LFA-based electrochemical detection with their analytical performance

Analytes	Electrode type	Method	Signal tracer	Electrode assemble strategy	LOD	Linear range	Reference
Clenbuterol	PANI@GO/ITO	EIS	–	Strip between the electrodes	0.12 ppb	0.12–58 ppb	[72]
Organophosphorus pesticide	SPE	SWV	Acetylcholinesterase	Test zone cut with cutter embedded in plastic case	0.02 nM	0.05–10 nM	[73]
Alpha-fetoprotein	SPE	SWV	HRP	Electrode under test zone	0.5 ng/mL	1–100 ng/mL	[74]
PSA	SPE	SWV	CdSe@ZnS QD	Electrode under test zone	0.02 ng/mL	0.05–4 ng/mL	[75]
hCG	SPE	SWASV	Bi3+	Electrode under test zone	1 mIU	0–70 mIU	[76]
Lead and cadmium	SPCE	SWV	–	Electrode over the test zone	7 and 11 ppb	10 to 100 ppb	[77]
Trichloropyridinol	SPCE	SWV	HRP	Test zone cut with cutter embedded in plastic case	0.1 ng/mL	0.1–100 ng/mL	[78]
8-OHdG	CNT paper	CA	–	Electrode over the test zone	3.11 ng/mL	0–150 ng/mL	[79]
Myeloperoxidase	SPE	CA	MBs (separation) and HRP	SPE printed on the membrane	0.18 ng/mL	0.25–8 ng/mL	[80]
Testosterone	Gold electrodes made by lithography	CA	HRP	Test zone cut	1 ng/mL	1–625 ng/mL	[81]
Troponin I	ITO	CC	Gal and An-GP	Electrode over the test zone	0.1 pg/mL	0.1 pg/mL–100 ng/mL	[82]
PSA	Interdigitated-SCPE	Capacitance	Urease	Electrode over the test zone	1 ng/mL	0–30 ng/mL	[83]
Cardiac troponin T	SPE	CV	HRP	Electrode under test zone	0.15 ng/ml	0–700 ng/mL	[84]
Dengue NS1 protein	SPGE	CV	TEMPO-tagged AuNP	Electrode under test zone	50 ng/mL	0–1000 ng/mL	[85]
8-OHdG and PSA	–	Glucose meter	Invertase	Test and control zone cut	0.23 and 1.26 ng/mL	0.1–100 and 1–100 ng/mL	[86]
Hg(II) ions	SPE	SWV	HRP	Test zone cut	30 pg/mL	0.1–200 ng/mL	[87]

MBs magnetic beads, Gal galactosidase, AN-GP 4-amino-1-naphthyl β-d-galactopyranoside, AN 4-amino-1-naphthol, PANI@GO/ITO polyaniline@graphene oxide/indium tin oxide, 8-OHdG 8-hydroxy-20-deoxyguanosine, PSA prostate-specific antigen, SWASV square wave anodic stripping voltammetry

Enzyme-generated electroactive products have been widely studied [73, 74, 78, 81–84, 86, 88] to increase the sensitivity and selectivity of the system. However, the immobilization and stabilization of the enzyme can be complicated, which could also increase the cost of the sensor and affect the overall stability of the system. Moreover, in case the enzyme reaction takes place at the test zone where the electrode and capture probes are located, fast reaction and efficient electron transfer between the enzyme and the electrode is required. However, it is more favorable to place electrodes downstream after the capturing zone.

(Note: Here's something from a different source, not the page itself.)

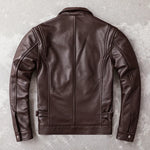 Men's Leather Jacket with Lapel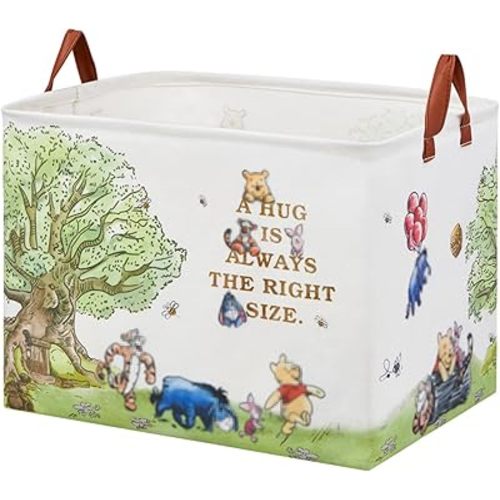 Bear Nursery Decor Storage Basket Foldable With Waterproof PE Coating, Square Large Canvas Laundry Hamper,Diaper Bag Baskets for Kids,Boys and Girls, Bathroom, Bedroom, Clothes,Toy Bin（White）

In contrast to other techniques, electrochemical detection in LFAs can be performed without tracer. For direct assay formats, after analyte has bound to the biorecognition element immobilized on the electrode, an increase in impedance at the electrode electrolyte interface can be monitored. For the competitive format, on the other hand, the impedance is theoretically decreased when analyte is present [72]. In addition to EIS, direct oxidation or reduction of electroactive analyte after binding to biorecognition element immobilized on an electrode can be monitored by CA [79]. The label-free LFAs could be advantageous due to the reduction of assay cost. However, it should be noted that electrode materials must be very sensitive and facilitate efficient electron transfer in order to detect small changes and enable electrochemical reactions, respectively. Therefore, microelectrodes or nanomaterials have been used for this purpose.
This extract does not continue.